The 1837 Ordnance Survey six-inch map marks the location simply as "Piers of Br.", a quiet annotation beside the old Infant School on the south bank, indicating that by then only the remnants of an abutment and two piers remained. This is not the bridge that carries traffic today, nor the medieval one that preceded it, but a middle bridge, built and lost within the span of a few decades, whose story runs through turnpike legislation, a landed family with Jacobite connections, and a couplet by Jonathan Swift.

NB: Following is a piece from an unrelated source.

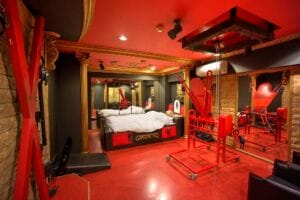 Behind Tokyo’s Neon Lights: Host Clubs, Cheating, and the Price of Love 5 host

The context begins with the Dublin to Kinnegad Turnpike Act of 1731, which noted that the causeway of St Katherine's between Lucan and Leixlip was being regularly flooded by the Liffey, that several people had lost their lives there, and that a new bridge at a more convenient point would prevent further deaths. The act empowered trustees to build a bridge of stone and lime, and among the hundred or more trustees named were two men called Agmondisham Vesey, father and son, who had come into the Lucan estate after the elder Vesey married a niece of Patrick Sarsfield in the 1720s. Swift, himself a trustee of a related turnpike act and well acquainted with the financing arrangements of such schemes, probably composed his wry couplet sometime in the 1730s: "Agmondisham Vesey out of great bounty / Built the bridge at the expense of the county." A later act of 1771 to 1772 confirms that a new bridge had indeed been built at county expense, and that Vesey agreed to route the new road through his estate to shorten the turnpike, in exchange for the right to close off the old road west of the small river called the Griffeen. The bridge was evidently swept away in the floods of either 1784 or 1786, and a replacement was not built until 1814, 180 metres upstream.
The site sits between the present Lucan Bridge to the east and the location of the medieval bridge further west, making it one point in a sequence of three crossings that once served this stretch of the Liffey. The 1844 Ordnance Survey six-inch map, which records the abutment and pier remnants, is the most useful documentary guide to understanding the layout, and comparing it with the modern landscape gives a sense of how much the riverbank has changed. The 1837 map annotation near the former Infant School on the south bank is the clearest surviving marker of where this lost bridge once stood.